**TO DO:** Wherever pictures appear in the listing below, leave them out, and copy exactly, and only, everything from the line with "True Royal He" down to the line with "イル・クオーレ(1LDK/2階)の間取り写真".

**EXERCISE DATA:**
::::::::

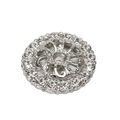 Carpe Diem Cache 1 1/4 Inch Clear Swarovski Crystal Escutcheonimage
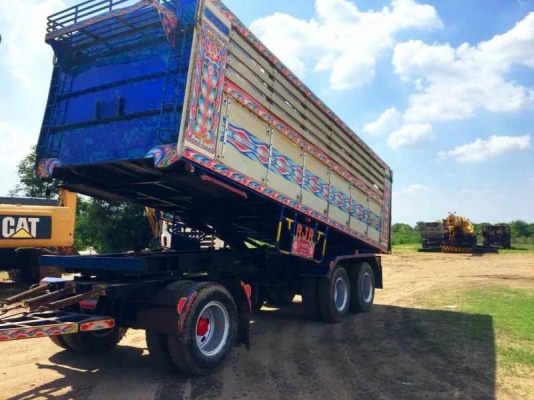 Hino 344 แรง ปี 53 แม่ลูกดัมพ์มิเนียมคอกเกษตร รถสวยเดิมพร้อมใช้งาน ยางดี ทะเบียนพร้อม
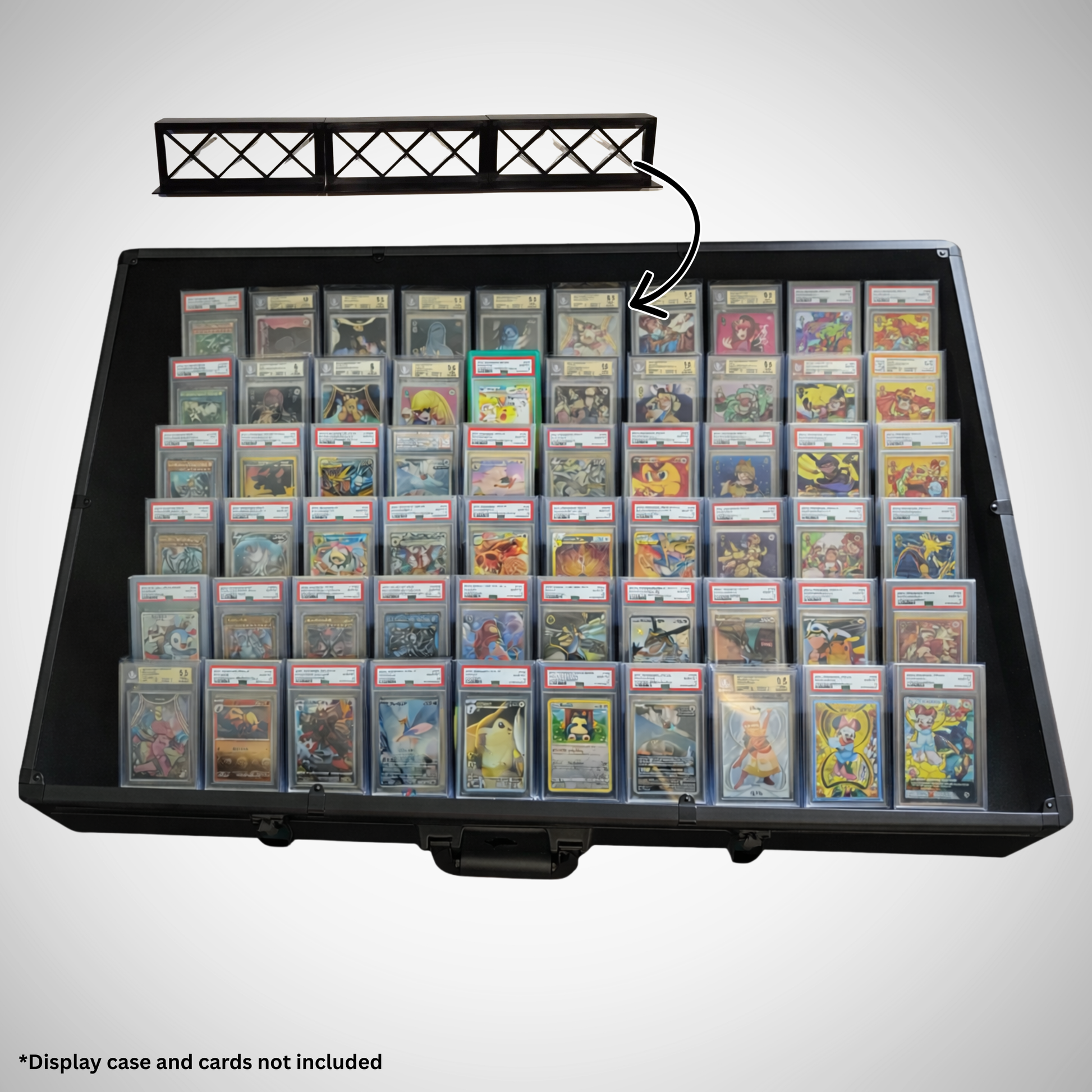 Illusion Card Risers, Display Case Card Riser Stands for your card cas – Illusion Collectibles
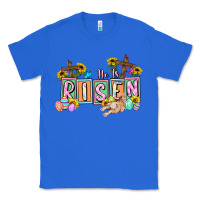 True Royal He is risen Easter  Easter Day Classic Tee - CowGirlArtShop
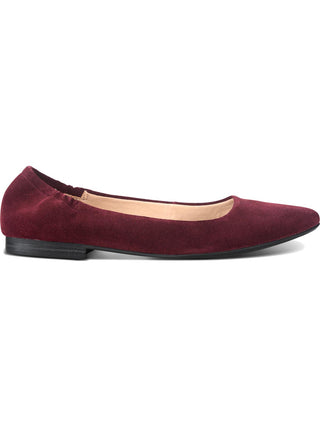 American Rag Women's Elastic Ankle Stretch Comfort Jilly Pontiagudo Salto Bloco Slip-on Sapatilhas de Couro Roxo Tamanho 9,5 M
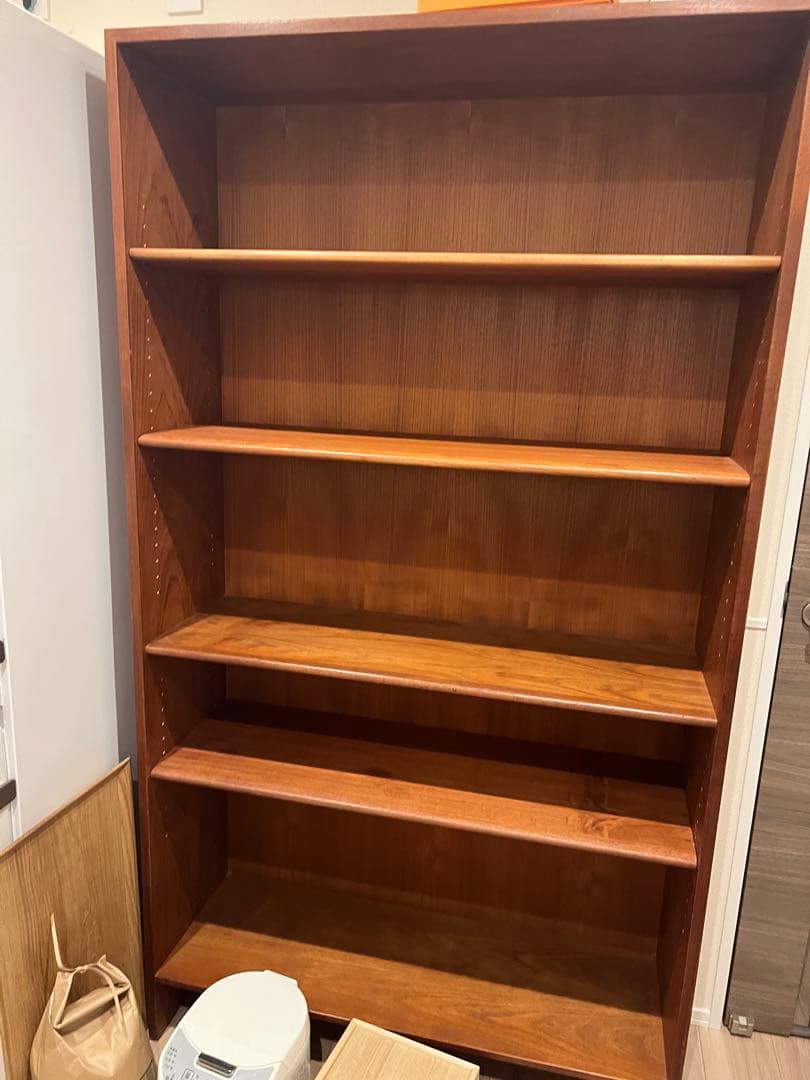 RY mobler ハンス J.ウェグナー「RY8」ブックシェルフチーク材 5段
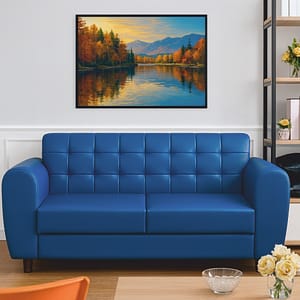 Tufted two-seater sofa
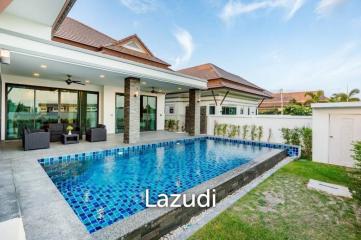 3 Bed 3 Bath 214 SQ.M Plumeria Pool Villa Hua Hin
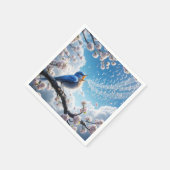 ブルーバードオンさくらんぼツリーブランチ スタンダードカクテルナプキン (角)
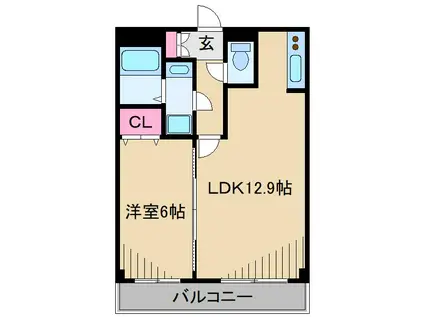 イル・クオーレ(1LDK/2階)の間取り写真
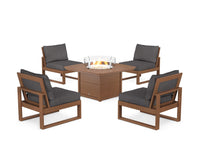 Thumbnail for Trex Eastport Modular 5-Piece Deep Seating Set with Yacht Club Fire Pit Table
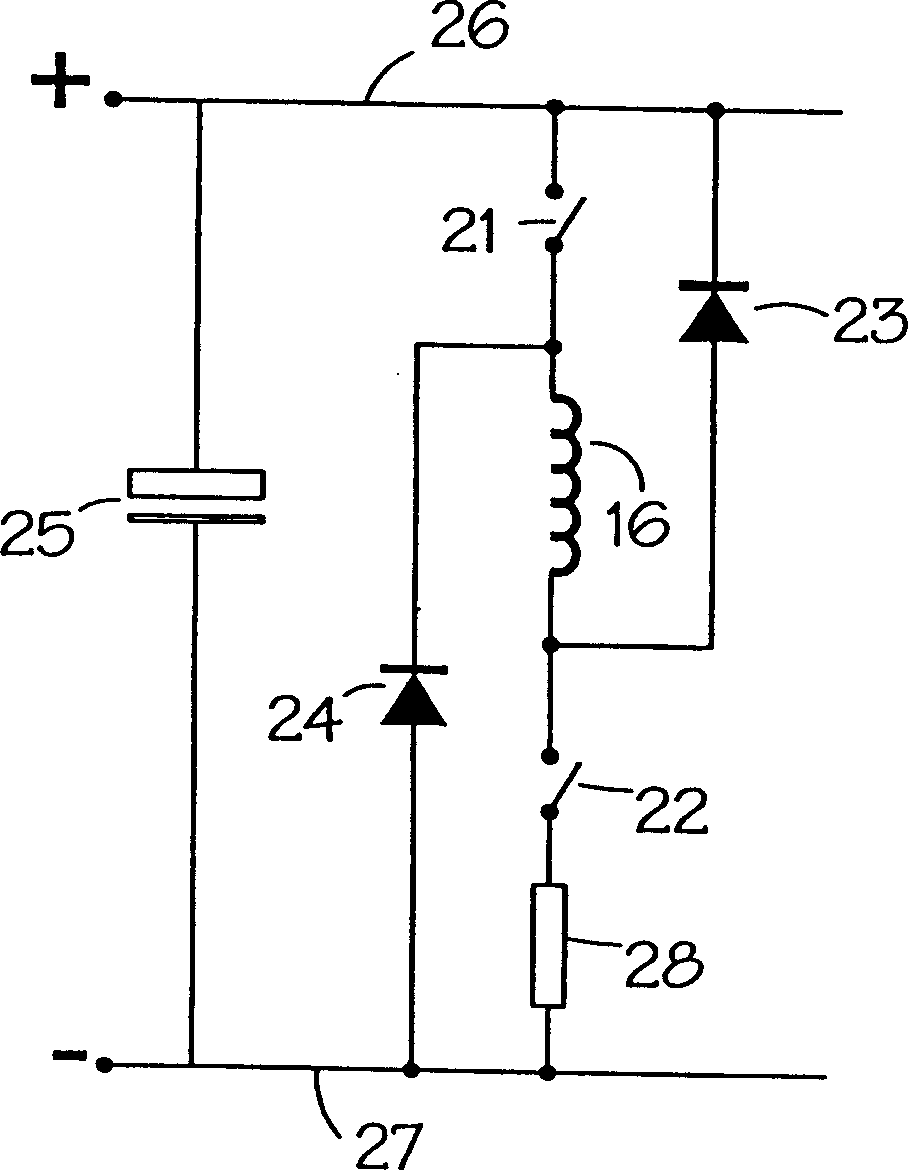 Start of switching reluctance generator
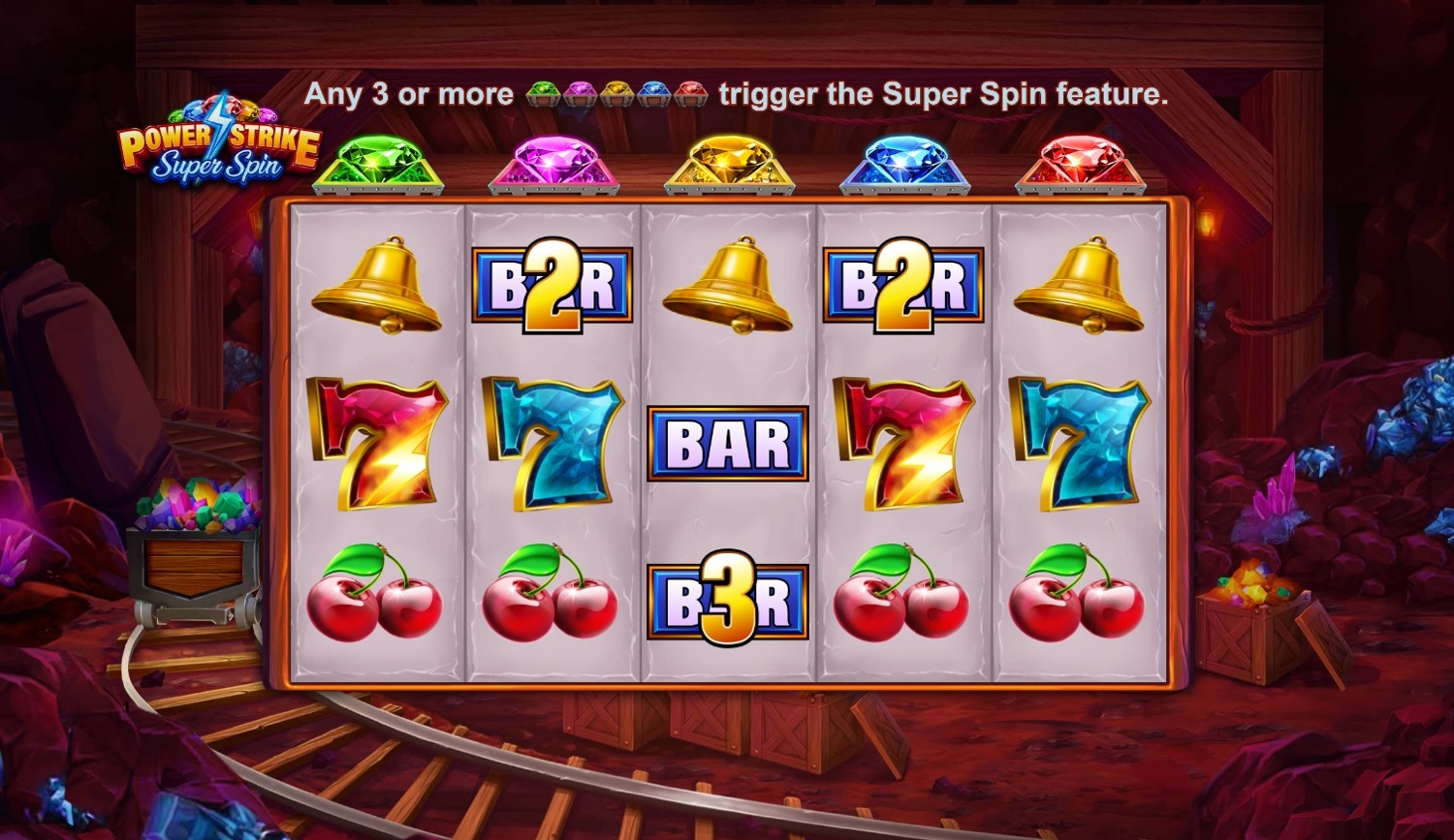Power Strike Super Spin Slot Gameplay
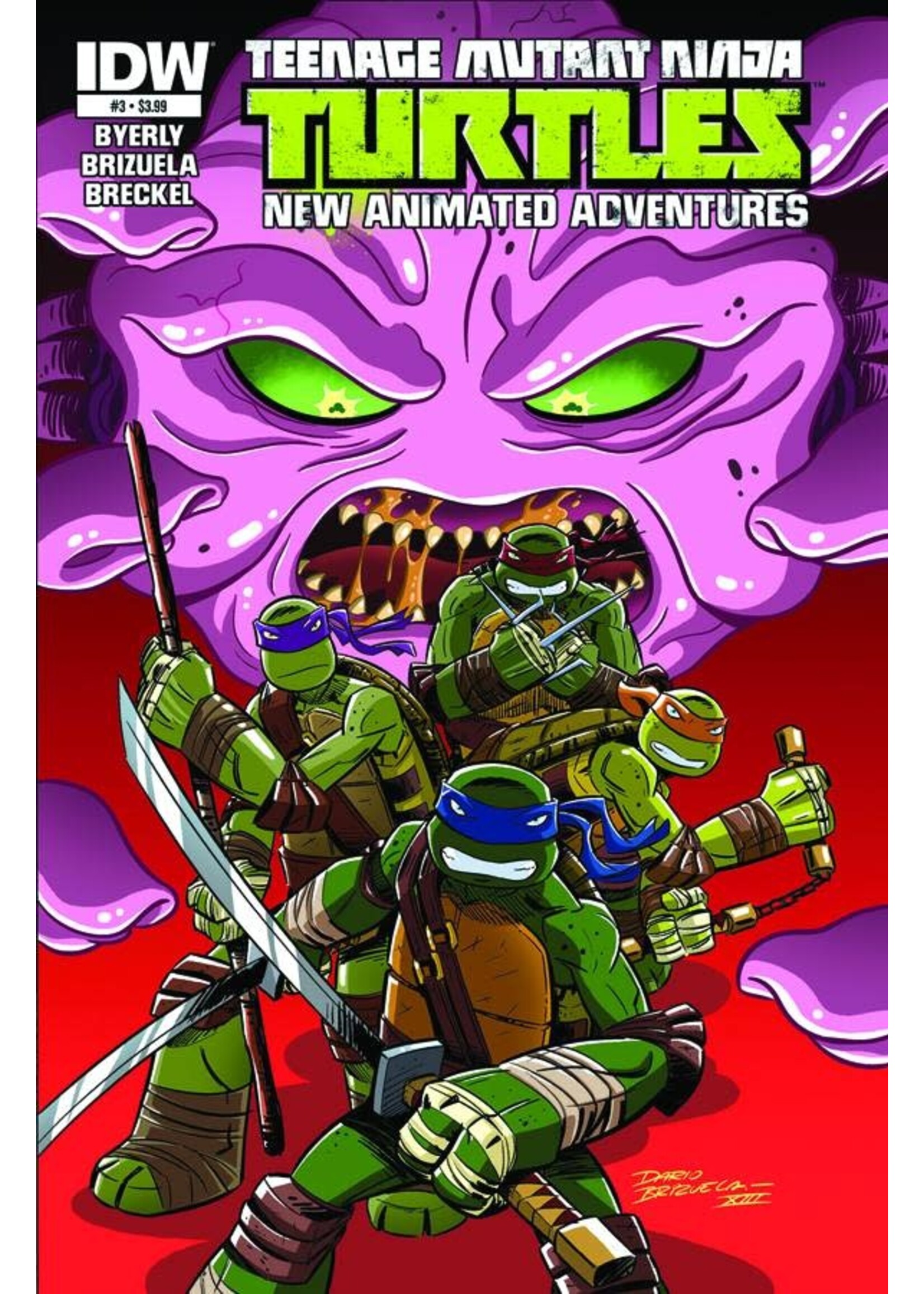 . TMNT NEW ANIMATED ADVENTURES #3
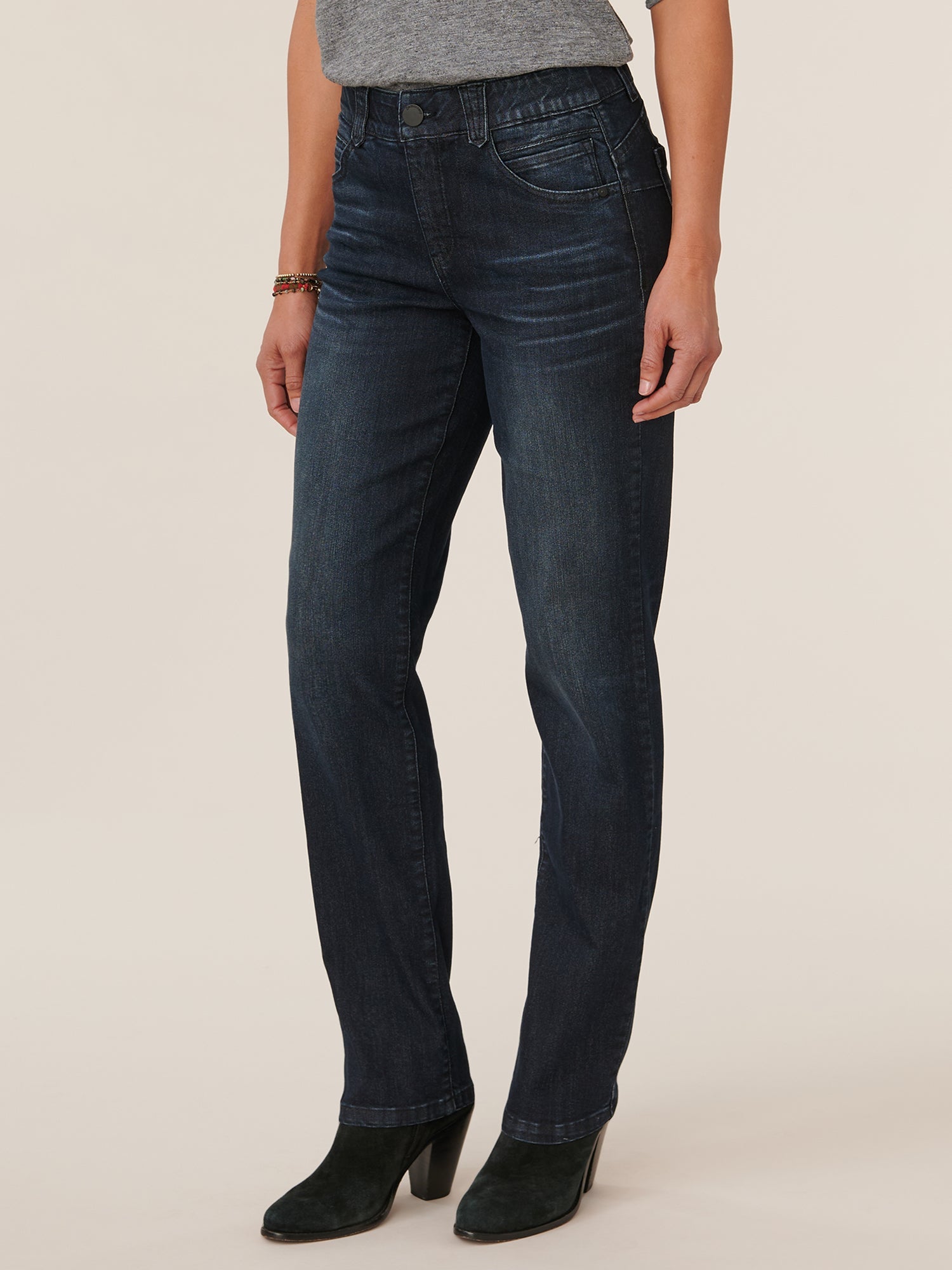 "Ab"solution® 33" Inseam Straight Leg Artisanal Denim Tall Jeans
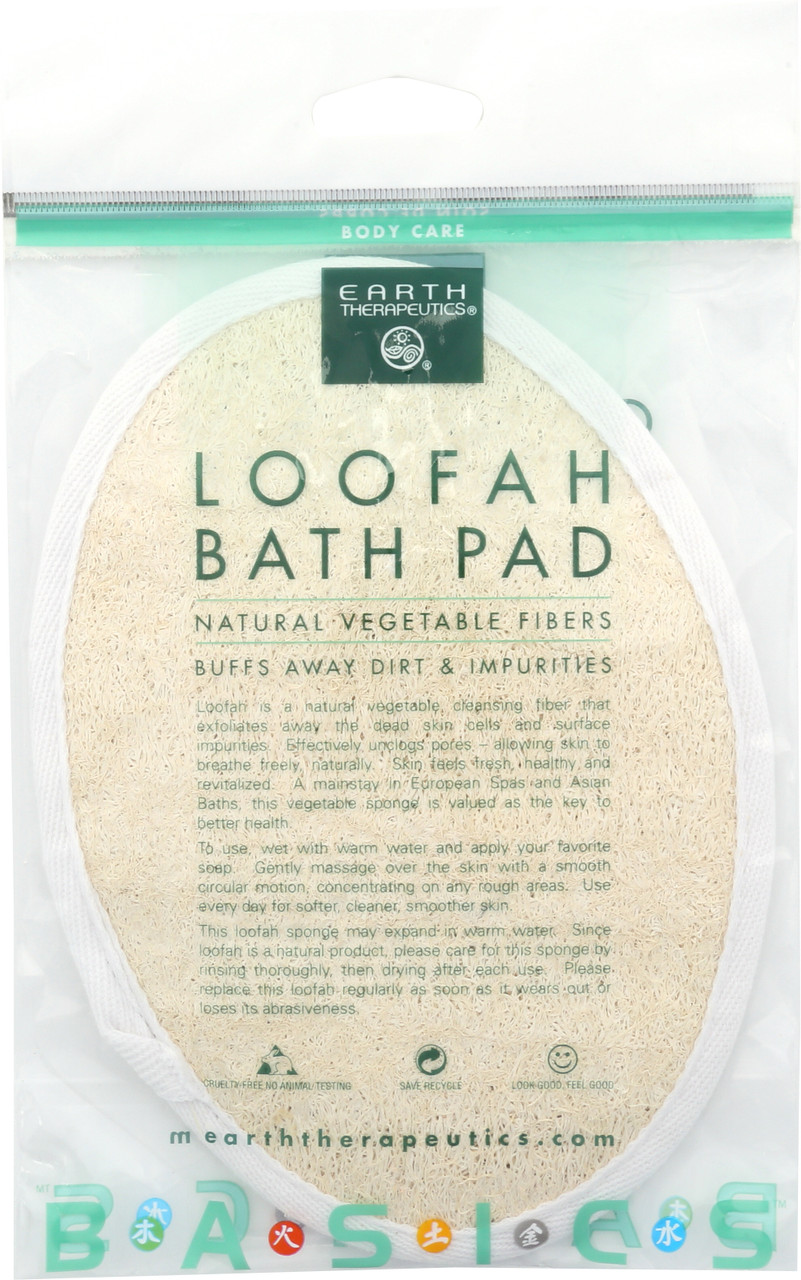 Loofah Bath Pad Oval Loofah Pad 5" X 7" 1 Each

::::::::

**WRITTEN REPLY:**
 True Royal He is risen Easter  Easter Day Classic Tee - CowGirlArtShop
 American Rag Women's Elastic Ankle Stretch Comfort Jilly Pontiagudo Salto Bloco Slip-on Sapatilhas de Couro Roxo Tamanho 9,5 M
 RY mobler ハンス J.ウェグナー「RY8」ブックシェルフチーク材 5段
 Tufted two-seater sofa
 3 Bed 3 Bath 214 SQ.M Plumeria Pool Villa Hua Hin
 ブルーバードオンさくらんぼツリーブランチ スタンダードカクテルナプキン (角)
 イル・クオーレ(1LDK/2階)の間取り写真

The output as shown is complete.